### What you should do
Starting at the top of the records below and ending with the line that contains "X0000111890633200908061334", print each line exactly as written, skipping the pictures.

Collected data
*****

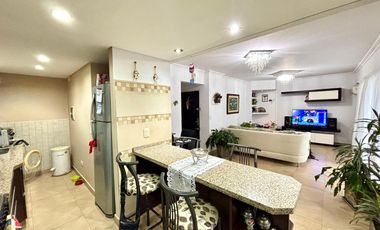 Departamento - Banfield Este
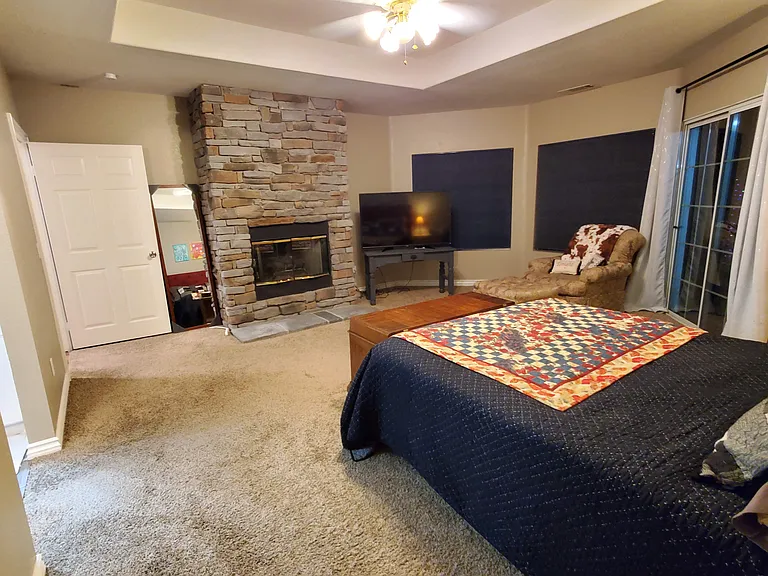 7455 Jola Dr — Photo 54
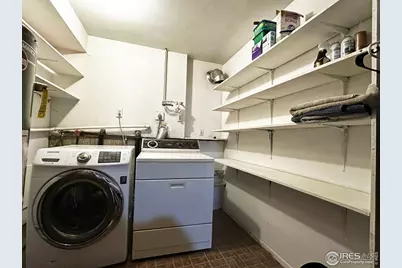 2421 Oleander Ct, Loveland, CO 80538 - Photo 22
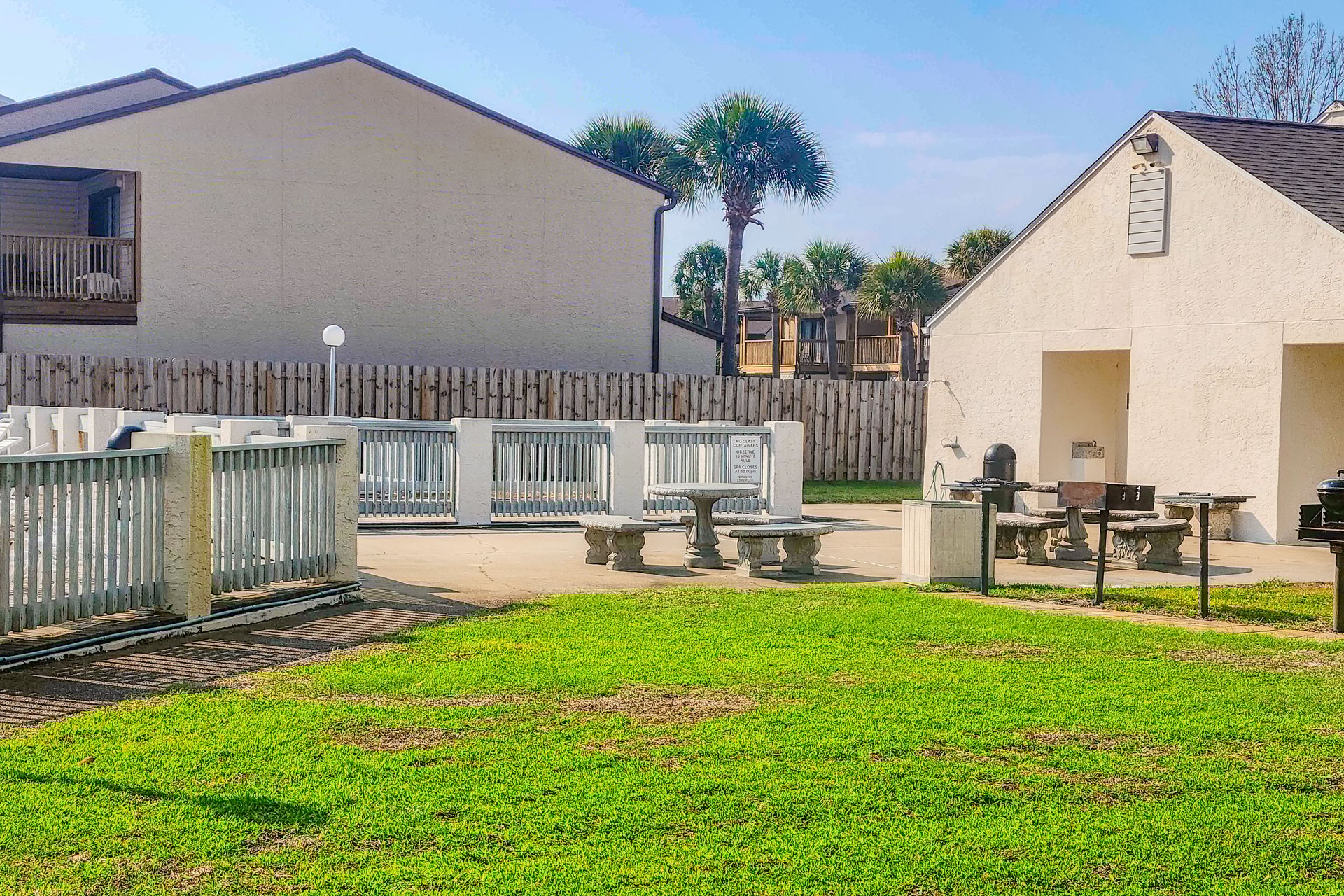 Endless Summer D5 18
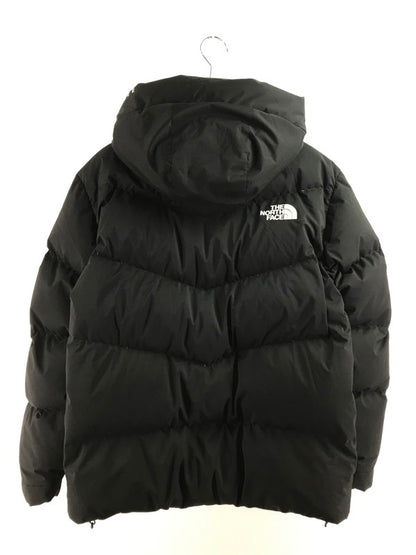 【中古品】【メンズ】 THE NORTH FACE ザ・ノースフェイス FREE MOVE DOWN JACKET NJ1DN52J フリームーブ ダウン ジャケット アウター 144-260122-rt-05-tag サイズ：L カラー：ブラック 万代Net店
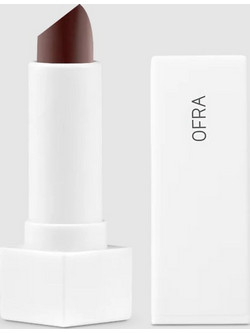 Ofra Cosmetics Chic Matte Κραγιόν Stick 4.5gr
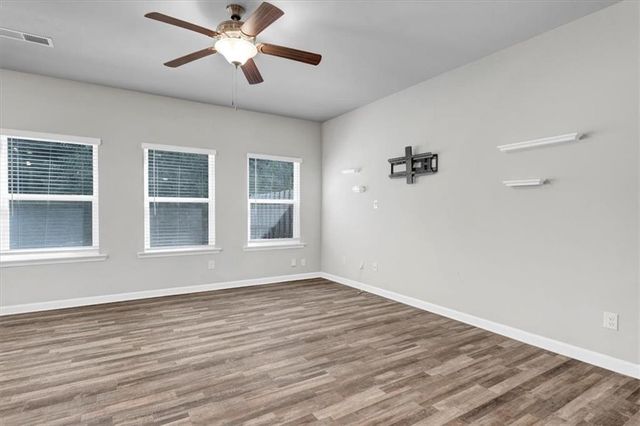 5124 Lower Elm Street, Atlanta, GA 30349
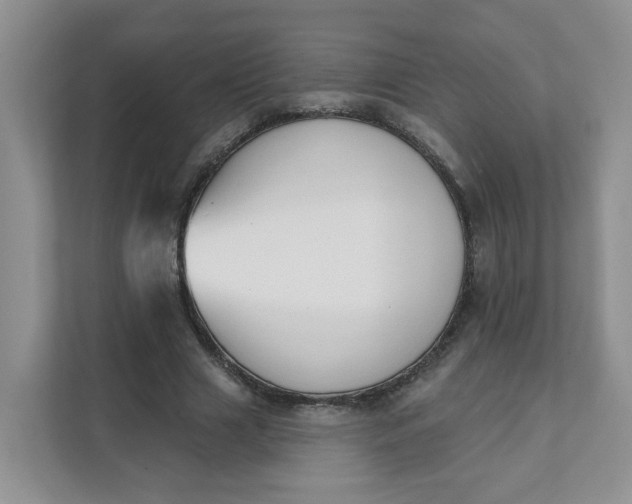 X0000111890633200908061334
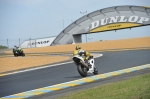 15th-and-16th-september-2011;event-digital-images;france;le-mans;motorbikes;no-limits;peter-wileman-photography;trackday;trackday-digital-images
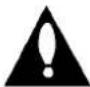 LG DW6512E1 - WARNING - 3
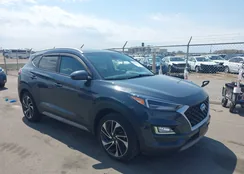 KM8J3CAL3MU406743: 42107419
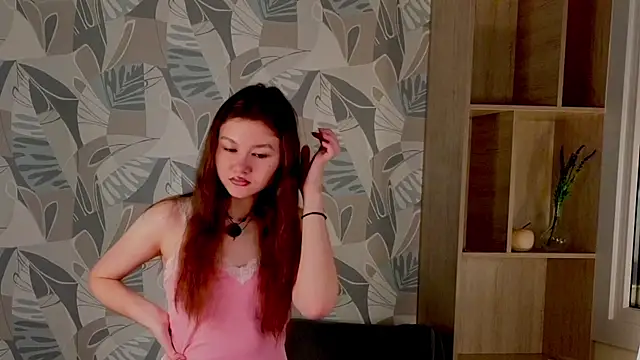 LewisThrone online show from November 1, 1:18 am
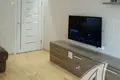 Квартира 3 комнаты 63 м² Мухавецкий сельский Совет, Беларусь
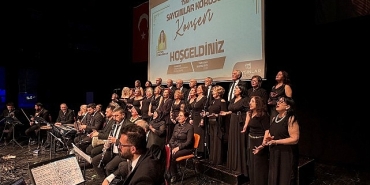 sayginlardan-muzik-dolu-gece.jpg
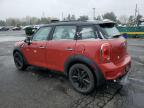 2015 Mini Cooper S Countryman for Sale in Denver, CO - Side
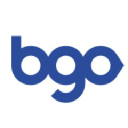 Bgo
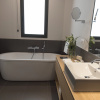 Отель Casagrand Luxury Suites, фото 11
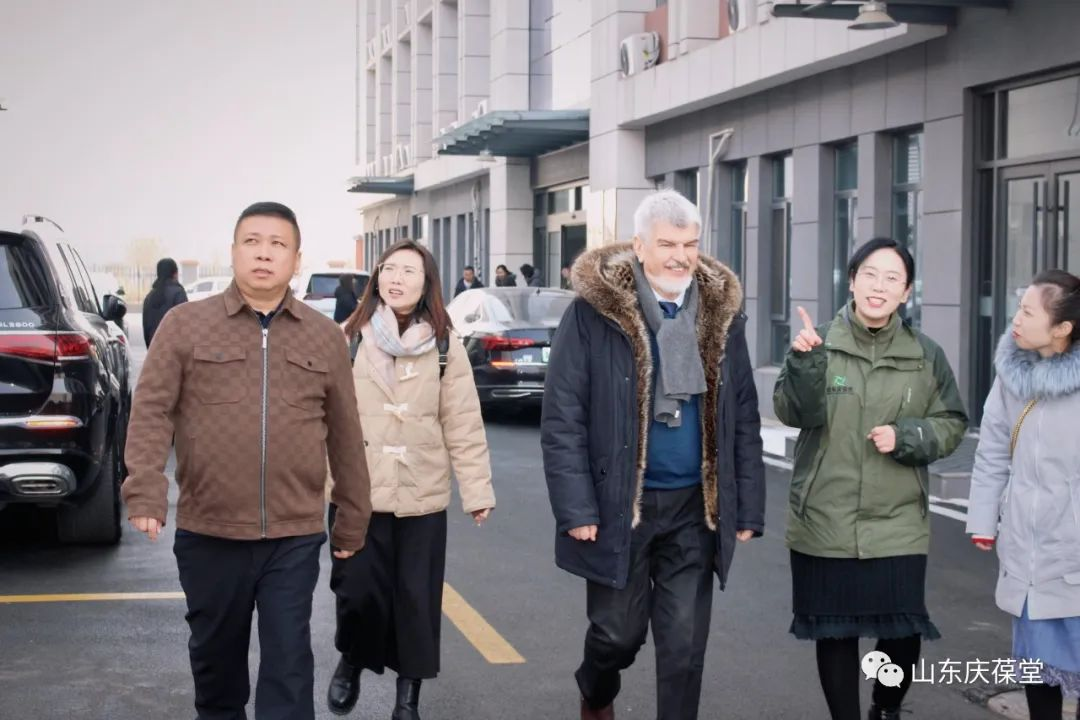 1704001509138718.png 1.png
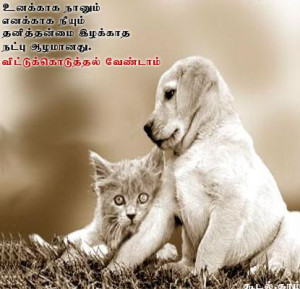 Funny Quotes About Friends For Facebook In Tamil Quote About Friends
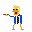 Sprite #100717
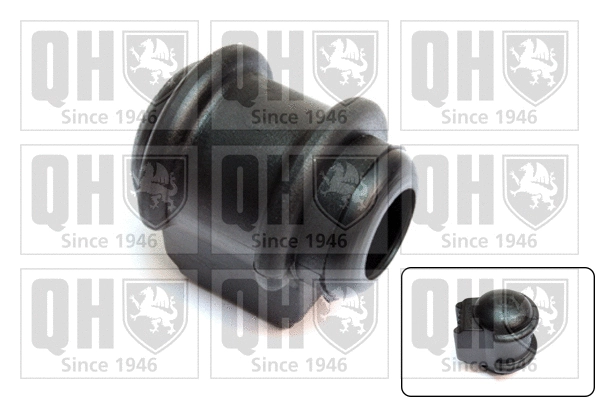 Suspension, stabilisateur QUINTON HAZELL EMB2623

*****

### Output of the task
 Departamento - Banfield Este
 7455 Jola Dr — Photo 54
 2421 Oleander Ct, Loveland, CO 80538 - Photo 22
 Endless Summer D5 18
 【中古品】【メンズ】 THE NORTH FACE ザ・ノースフェイス FREE MOVE DOWN JACKET NJ1DN52J フリームーブ ダウン ジャケット アウター 144-260122-rt-05-tag サイズ：L カラー：ブラック 万代Net店
 Ofra Cosmetics Chic Matte Κραγιόν Stick 4.5gr
 5124 Lower Elm Street, Atlanta, GA 30349
 X0000111890633200908061334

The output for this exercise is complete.